Title:Securities and Exchange Act (2023.06.28)
Article 18 (Approval for Operation)
    Approval from the Competent Authority is required for the operation of any securities finance enterprise, securities central depository enterprise, or any other securities-related service enterprise.
    Regulations governing the conditions for establishment, application and approval procedures, finances, operations, management, and other matters for compliance with respect to the securities enterprises referred to in the preceding paragraph shall be prescribed by the Competent Authority.
Article 20 (Duty of Good Faith and Liability for Damages (1))
    During the public offering, issuing, private placement, or trading of securities, there shall be no misrepresentations, frauds, or any other acts which are sufficient to mislead other persons.
    The financial reports or any other relevant financial or business documents filed or publicly disclosed by an issuer in accordance with this Act shall contain no misrepresentations or nondisclosures.
    Anyone who violates the provisions of paragraph 1 shall be held liable for damages sustained by bona fide purchasers or sellers of the said securities.
    The principal who commissions a securities broker to purchase or sell securities as a commission agent shall be deemed as a "purchaser" or "seller" for the purpose of the preceding paragraph.
Article 32 (Liability for False Information or Omission in the Prospectus)
    In the event the prospectus referred to in the preceding Article contains false information or omissions in its material contents, the following persons, within the scope of their responsibilities, shall be held jointly liable with the issuer to any bona fide counterpart for damages resulted therefrom:
  1. the issuer and its responsible persons.
  2. any employees of the issuer who has signed and affixed his/her seal on the prospectus to certify its accuracy in whole or in part.

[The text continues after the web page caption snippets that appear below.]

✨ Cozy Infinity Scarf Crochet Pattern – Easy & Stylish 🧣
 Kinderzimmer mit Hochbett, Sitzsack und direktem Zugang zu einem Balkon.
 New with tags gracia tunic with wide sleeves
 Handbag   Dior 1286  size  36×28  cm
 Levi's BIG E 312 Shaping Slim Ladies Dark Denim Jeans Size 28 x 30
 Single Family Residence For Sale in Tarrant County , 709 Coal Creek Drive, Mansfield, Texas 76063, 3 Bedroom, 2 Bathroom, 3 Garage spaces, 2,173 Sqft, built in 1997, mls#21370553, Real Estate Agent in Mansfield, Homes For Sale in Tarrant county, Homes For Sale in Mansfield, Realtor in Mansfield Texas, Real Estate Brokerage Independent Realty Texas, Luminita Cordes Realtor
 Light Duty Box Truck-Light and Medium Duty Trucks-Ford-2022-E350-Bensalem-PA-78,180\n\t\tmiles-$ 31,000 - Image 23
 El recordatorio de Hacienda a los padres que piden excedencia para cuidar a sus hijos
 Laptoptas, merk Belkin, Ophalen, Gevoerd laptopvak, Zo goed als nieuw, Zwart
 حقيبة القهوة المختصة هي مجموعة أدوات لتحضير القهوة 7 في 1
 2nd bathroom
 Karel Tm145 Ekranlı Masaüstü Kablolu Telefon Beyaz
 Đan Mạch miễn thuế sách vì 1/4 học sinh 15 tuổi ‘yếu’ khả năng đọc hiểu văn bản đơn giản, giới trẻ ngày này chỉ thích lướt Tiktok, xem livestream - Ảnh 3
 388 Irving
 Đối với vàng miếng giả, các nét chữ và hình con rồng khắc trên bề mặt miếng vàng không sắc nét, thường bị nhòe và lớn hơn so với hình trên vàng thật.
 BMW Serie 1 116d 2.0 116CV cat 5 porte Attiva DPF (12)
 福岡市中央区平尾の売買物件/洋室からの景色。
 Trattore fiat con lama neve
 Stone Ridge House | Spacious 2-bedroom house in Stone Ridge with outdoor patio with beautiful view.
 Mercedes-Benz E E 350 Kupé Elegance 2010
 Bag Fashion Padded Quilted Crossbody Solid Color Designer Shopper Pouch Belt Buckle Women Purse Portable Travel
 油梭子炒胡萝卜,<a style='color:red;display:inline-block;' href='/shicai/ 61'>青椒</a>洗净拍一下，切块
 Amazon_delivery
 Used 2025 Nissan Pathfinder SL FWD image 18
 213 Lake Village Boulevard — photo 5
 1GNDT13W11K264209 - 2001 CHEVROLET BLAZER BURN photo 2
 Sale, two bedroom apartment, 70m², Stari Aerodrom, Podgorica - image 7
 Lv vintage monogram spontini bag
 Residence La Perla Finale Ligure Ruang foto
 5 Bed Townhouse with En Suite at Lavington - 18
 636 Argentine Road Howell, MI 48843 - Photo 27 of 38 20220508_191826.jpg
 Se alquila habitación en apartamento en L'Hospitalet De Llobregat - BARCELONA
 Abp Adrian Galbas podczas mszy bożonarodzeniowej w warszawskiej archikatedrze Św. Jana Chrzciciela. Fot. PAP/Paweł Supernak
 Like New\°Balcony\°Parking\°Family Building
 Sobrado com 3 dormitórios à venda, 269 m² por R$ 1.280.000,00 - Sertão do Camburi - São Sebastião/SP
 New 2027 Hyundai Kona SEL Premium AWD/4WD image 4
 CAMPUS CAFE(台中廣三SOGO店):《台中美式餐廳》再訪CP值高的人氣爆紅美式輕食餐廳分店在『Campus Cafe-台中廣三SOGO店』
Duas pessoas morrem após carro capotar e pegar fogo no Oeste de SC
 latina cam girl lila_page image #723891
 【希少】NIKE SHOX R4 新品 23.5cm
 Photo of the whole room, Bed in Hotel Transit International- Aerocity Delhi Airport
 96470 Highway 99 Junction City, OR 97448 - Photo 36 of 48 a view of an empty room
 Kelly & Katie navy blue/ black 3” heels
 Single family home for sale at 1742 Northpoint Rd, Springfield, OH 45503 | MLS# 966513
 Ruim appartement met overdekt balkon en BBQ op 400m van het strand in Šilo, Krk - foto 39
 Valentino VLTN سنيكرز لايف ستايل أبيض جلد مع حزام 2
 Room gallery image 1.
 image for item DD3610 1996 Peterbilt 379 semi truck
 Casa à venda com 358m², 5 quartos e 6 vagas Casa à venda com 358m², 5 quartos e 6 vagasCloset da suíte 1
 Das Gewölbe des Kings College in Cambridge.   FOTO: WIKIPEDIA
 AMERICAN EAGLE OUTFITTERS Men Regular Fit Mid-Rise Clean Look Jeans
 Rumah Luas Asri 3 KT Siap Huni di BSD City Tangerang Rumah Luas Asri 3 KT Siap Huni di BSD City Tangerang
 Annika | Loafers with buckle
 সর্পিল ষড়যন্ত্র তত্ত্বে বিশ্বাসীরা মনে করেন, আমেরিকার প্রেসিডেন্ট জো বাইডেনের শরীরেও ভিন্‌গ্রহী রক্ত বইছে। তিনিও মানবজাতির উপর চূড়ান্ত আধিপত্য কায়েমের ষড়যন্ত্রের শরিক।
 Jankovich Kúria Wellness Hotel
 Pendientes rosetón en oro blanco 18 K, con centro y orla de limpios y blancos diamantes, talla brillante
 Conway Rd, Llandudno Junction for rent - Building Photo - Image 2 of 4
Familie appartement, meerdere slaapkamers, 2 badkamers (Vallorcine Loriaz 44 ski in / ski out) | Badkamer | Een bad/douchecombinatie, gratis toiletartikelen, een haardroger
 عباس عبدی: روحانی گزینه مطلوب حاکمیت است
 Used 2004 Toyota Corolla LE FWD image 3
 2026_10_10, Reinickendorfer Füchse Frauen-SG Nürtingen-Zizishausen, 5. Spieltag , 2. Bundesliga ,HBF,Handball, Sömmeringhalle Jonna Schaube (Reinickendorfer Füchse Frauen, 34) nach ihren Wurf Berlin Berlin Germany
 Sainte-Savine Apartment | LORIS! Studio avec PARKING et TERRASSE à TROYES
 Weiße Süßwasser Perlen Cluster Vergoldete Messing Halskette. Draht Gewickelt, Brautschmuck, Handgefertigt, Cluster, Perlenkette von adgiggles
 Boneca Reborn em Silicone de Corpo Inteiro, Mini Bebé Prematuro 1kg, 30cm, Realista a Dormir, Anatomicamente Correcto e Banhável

  3. any underwriter with respect to such securities.
  4. any certified public accountant, lawyer, engineer, or any professional or technical person who has signed and affixed his/her seal to certify in whole or in part, or to present his/her opinion, on the correctness of the prospectus.
    With the exception of the issuer, the persons referred to in subparagraphs 1 through 3 of the preceding paragraph shall not be held liable if he/she can prove that he/she has exercised reasonable care, and that he/she has just cause to believe that with respect to portions of materials not certified by a person referred to in subparagraph 4, the material contents have no false information nor omissions, or that he/she has just causes to believe that the portion he/she certified was accurate; the persons referred to in subparagraph 4 of the preceding paragraph also shall not be held liable if he/she can prove that reasonable investigation has been exercised and that he/she has just causes to believe that the certification or the opinions rendered thereto were accurate.
Article 44 (Approval for Business and Approval for Establishment of a Branch Unit)
    The approval and certificate of license from the Competent Authority are required for the operation of securities business by a securities firm; the operation of securities business by persons other than securities firms shall be prohibited.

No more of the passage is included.